### WHAT TO DO:
Once the line with "Kith Shorts Mens Size XS Color Darker Gray" is found in the data, output it and each following line exactly, up to and including the line with "Halloween Nostalgic | Artisan Cheese Board 🎃", and nothing before or after.

### Data items:
○ ○ ○ ○

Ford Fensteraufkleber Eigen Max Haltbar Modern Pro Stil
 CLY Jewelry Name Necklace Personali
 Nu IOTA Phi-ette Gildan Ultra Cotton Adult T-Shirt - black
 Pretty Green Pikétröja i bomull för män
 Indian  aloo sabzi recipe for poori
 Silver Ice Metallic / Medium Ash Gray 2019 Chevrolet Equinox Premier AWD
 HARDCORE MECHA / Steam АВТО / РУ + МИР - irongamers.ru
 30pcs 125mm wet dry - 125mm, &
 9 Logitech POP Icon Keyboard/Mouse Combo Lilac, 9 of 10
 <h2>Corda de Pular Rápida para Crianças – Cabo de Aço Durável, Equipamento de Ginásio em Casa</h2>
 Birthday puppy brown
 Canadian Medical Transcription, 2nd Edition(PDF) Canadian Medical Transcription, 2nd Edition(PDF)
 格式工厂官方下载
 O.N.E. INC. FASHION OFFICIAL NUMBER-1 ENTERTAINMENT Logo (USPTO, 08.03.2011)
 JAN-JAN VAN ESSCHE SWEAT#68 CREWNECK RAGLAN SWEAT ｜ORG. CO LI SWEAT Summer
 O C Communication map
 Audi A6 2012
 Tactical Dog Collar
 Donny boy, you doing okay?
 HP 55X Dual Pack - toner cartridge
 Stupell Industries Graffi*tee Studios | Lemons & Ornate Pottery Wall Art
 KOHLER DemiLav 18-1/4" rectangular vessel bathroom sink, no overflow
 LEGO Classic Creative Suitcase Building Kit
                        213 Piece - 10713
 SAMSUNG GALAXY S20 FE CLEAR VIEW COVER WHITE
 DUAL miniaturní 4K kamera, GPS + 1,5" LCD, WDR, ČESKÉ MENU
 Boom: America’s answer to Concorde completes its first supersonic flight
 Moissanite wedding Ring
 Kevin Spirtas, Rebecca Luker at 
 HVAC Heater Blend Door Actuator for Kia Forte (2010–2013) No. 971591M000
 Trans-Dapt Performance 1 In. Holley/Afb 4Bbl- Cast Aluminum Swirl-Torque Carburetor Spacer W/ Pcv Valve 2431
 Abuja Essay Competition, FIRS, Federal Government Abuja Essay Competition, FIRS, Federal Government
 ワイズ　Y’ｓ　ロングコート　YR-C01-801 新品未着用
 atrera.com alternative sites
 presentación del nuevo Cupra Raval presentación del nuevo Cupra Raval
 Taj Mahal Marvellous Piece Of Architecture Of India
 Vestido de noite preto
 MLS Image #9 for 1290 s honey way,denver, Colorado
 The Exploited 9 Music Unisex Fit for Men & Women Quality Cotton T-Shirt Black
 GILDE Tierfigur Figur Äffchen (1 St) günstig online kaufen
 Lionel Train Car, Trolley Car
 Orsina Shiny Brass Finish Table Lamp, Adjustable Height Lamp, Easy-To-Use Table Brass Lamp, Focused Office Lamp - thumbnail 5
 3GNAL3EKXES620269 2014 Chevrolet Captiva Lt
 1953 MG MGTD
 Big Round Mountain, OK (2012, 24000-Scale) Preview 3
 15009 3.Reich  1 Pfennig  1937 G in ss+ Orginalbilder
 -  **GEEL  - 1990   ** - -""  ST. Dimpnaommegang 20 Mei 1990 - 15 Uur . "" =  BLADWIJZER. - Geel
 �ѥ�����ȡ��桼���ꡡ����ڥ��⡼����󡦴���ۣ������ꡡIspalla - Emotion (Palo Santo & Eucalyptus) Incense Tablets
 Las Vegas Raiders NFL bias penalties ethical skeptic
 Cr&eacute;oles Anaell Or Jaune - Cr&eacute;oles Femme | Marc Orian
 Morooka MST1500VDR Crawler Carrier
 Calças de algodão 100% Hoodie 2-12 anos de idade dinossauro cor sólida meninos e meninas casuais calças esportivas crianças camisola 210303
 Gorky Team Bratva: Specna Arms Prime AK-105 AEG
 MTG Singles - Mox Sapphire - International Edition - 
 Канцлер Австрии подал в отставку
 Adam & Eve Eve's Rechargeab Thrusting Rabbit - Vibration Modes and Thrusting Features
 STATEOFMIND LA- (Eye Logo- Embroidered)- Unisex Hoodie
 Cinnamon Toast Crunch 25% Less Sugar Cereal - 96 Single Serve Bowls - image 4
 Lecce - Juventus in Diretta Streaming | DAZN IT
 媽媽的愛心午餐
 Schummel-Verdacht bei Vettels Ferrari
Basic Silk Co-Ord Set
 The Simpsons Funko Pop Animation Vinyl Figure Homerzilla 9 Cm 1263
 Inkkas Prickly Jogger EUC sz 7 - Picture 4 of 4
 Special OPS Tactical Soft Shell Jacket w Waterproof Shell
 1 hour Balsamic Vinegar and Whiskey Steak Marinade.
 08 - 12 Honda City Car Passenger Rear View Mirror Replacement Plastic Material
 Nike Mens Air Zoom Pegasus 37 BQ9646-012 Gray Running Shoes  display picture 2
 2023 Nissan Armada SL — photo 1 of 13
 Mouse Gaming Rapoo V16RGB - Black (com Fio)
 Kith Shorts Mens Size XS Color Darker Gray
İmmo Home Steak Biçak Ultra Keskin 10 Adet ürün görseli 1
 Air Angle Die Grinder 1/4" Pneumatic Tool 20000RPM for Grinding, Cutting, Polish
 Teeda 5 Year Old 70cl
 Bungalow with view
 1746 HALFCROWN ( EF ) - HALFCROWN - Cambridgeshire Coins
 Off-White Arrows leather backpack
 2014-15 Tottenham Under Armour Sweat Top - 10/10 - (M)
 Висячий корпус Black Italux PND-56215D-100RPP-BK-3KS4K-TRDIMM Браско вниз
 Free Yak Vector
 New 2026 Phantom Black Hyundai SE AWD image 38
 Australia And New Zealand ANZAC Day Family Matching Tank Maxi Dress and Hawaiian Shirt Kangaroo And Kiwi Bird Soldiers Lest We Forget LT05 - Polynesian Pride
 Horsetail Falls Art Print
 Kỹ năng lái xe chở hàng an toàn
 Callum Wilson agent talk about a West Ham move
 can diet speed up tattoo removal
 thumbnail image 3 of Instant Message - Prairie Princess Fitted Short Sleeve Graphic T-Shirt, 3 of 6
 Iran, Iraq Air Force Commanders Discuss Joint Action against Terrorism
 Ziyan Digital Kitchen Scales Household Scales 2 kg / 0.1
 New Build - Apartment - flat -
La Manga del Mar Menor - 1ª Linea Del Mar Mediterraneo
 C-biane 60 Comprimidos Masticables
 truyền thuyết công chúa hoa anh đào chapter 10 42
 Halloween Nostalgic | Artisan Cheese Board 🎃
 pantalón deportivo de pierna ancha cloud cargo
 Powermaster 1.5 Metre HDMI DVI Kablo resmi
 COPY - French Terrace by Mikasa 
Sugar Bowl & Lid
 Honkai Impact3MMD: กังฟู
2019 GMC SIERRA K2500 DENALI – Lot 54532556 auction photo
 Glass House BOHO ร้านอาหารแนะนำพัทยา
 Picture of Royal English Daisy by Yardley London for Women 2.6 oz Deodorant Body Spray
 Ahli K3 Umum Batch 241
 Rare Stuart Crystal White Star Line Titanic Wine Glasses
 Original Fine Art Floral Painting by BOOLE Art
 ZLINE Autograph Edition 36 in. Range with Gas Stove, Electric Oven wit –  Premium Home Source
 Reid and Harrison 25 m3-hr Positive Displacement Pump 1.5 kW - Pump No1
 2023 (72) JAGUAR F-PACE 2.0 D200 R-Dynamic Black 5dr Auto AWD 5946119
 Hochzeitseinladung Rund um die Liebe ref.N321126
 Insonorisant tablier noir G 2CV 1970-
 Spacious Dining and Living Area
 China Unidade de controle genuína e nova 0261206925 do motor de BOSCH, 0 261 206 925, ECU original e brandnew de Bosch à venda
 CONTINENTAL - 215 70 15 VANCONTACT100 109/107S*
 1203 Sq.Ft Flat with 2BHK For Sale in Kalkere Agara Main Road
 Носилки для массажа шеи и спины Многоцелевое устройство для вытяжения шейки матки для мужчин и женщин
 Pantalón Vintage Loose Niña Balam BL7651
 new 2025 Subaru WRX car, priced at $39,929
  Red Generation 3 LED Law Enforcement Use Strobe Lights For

○ ○ ○ ○

### SOLUTION TO THIS TASK:
 Kith Shorts Mens Size XS Color Darker Gray
İmmo Home Steak Biçak Ultra Keskin 10 Adet ürün görseli 1
 Air Angle Die Grinder 1/4" Pneumatic Tool 20000RPM for Grinding, Cutting, Polish
 Teeda 5 Year Old 70cl
 Bungalow with view
 1746 HALFCROWN ( EF ) - HALFCROWN - Cambridgeshire Coins
 Off-White Arrows leather backpack
 2014-15 Tottenham Under Armour Sweat Top - 10/10 - (M)
 Висячий корпус Black Italux PND-56215D-100RPP-BK-3KS4K-TRDIMM Браско вниз
 Free Yak Vector
 New 2026 Phantom Black Hyundai SE AWD image 38
 Australia And New Zealand ANZAC Day Family Matching Tank Maxi Dress and Hawaiian Shirt Kangaroo And Kiwi Bird Soldiers Lest We Forget LT05 - Polynesian Pride
 Horsetail Falls Art Print
 Kỹ năng lái xe chở hàng an toàn
 Callum Wilson agent talk about a West Ham move
 can diet speed up tattoo removal
 thumbnail image 3 of Instant Message - Prairie Princess Fitted Short Sleeve Graphic T-Shirt, 3 of 6
 Iran, Iraq Air Force Commanders Discuss Joint Action against Terrorism
 Ziyan Digital Kitchen Scales Household Scales 2 kg / 0.1
 New Build - Apartment - flat -
La Manga del Mar Menor - 1ª Linea Del Mar Mediterraneo
 C-biane 60 Comprimidos Masticables
 truyền thuyết công chúa hoa anh đào chapter 10 42
 Halloween Nostalgic | Artisan Cheese Board 🎃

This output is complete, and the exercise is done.